**Scraped caption text data**
------------

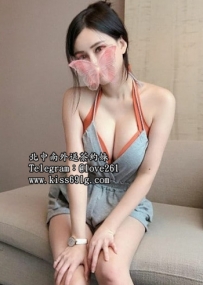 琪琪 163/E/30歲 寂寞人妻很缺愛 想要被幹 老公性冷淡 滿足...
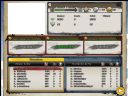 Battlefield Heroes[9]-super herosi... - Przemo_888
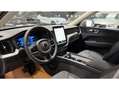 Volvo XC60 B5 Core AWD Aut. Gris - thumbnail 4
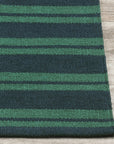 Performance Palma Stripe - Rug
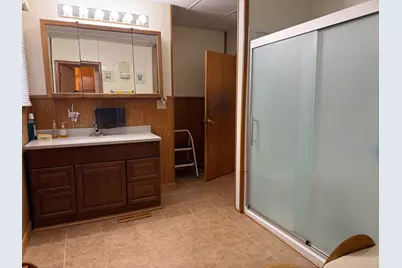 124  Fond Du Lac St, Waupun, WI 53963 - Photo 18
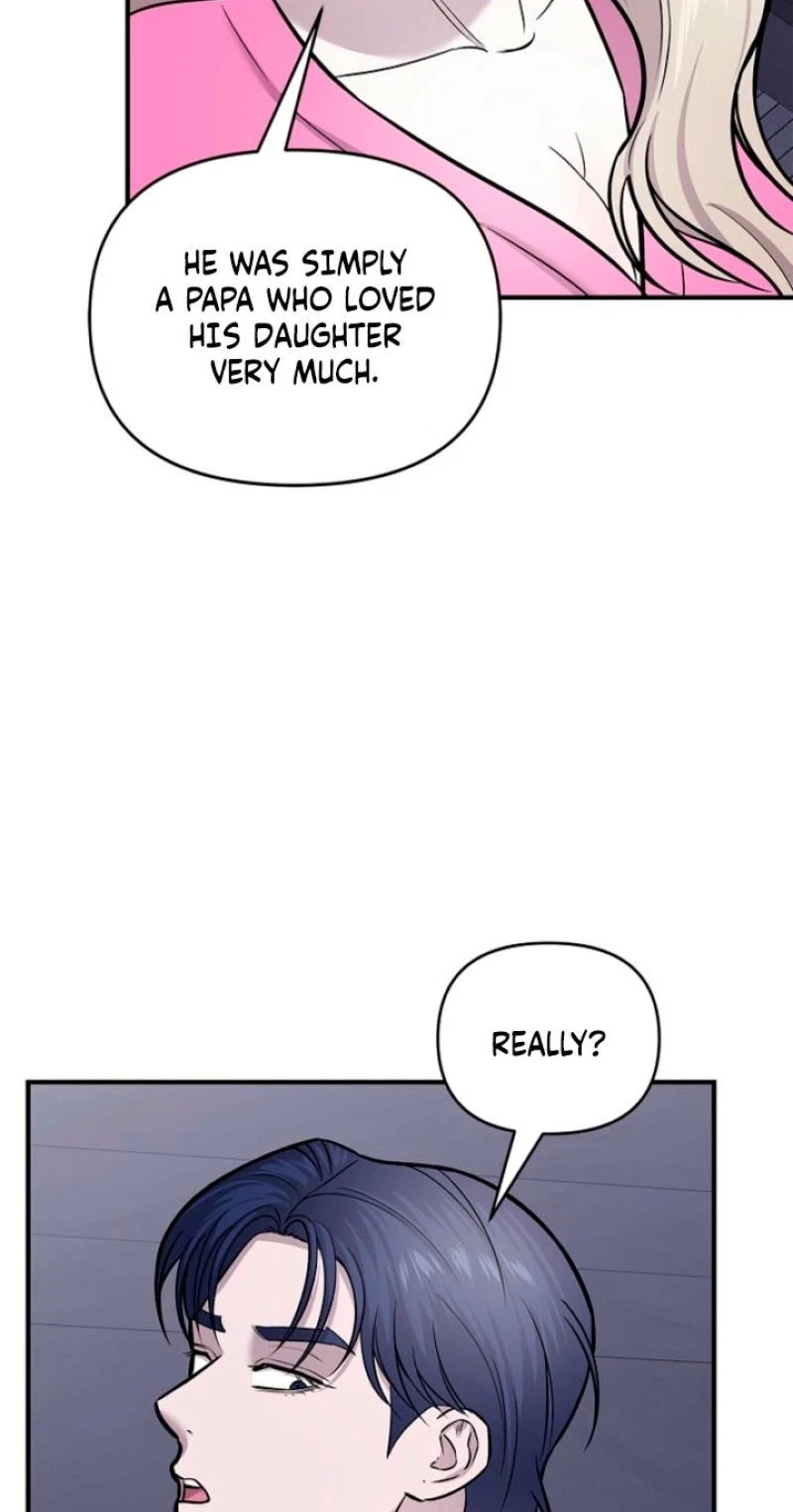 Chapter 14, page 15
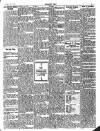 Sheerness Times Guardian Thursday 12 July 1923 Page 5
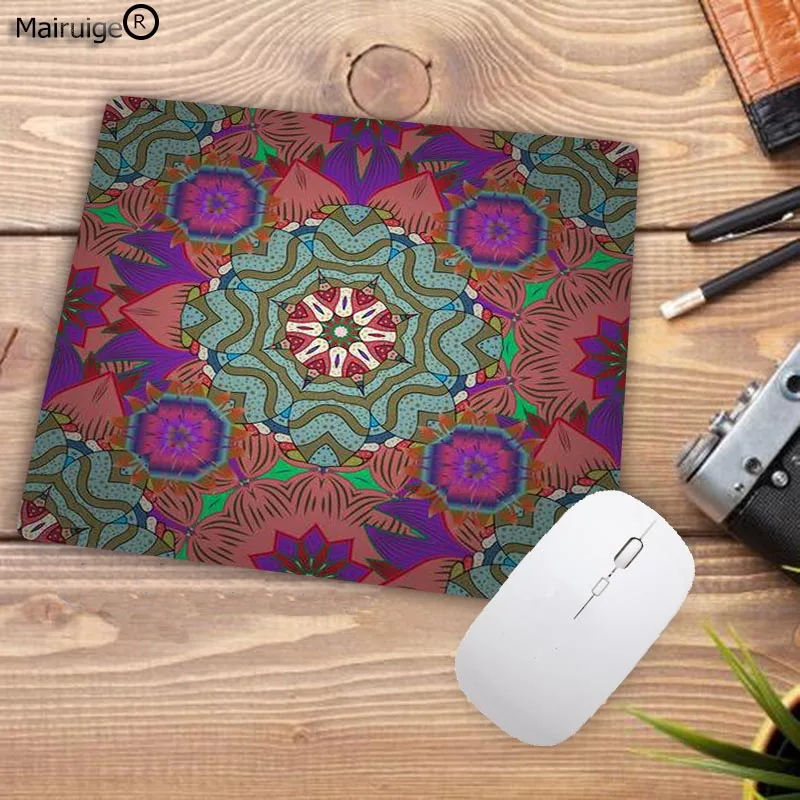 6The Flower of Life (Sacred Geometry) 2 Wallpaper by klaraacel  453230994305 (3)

------------

**To do**
Restate each record from above word for word, excluding any picture it holds.

**Task answer**
 琪琪 163/E/30歲 寂寞人妻很缺愛 想要被幹 老公性冷淡 滿足...
 Battlefield Heroes[9]-super herosi... - Przemo_888
 Volvo XC60 B5 Core AWD Aut. Gris - thumbnail 4
 Performance Palma Stripe - Rug
 124  Fond Du Lac St, Waupun, WI 53963 - Photo 18
 Chapter 14, page 15
 Sheerness Times Guardian Thursday 12 July 1923 Page 5
 6The Flower of Life (Sacred Geometry) 2 Wallpaper by klaraacel  453230994305 (3)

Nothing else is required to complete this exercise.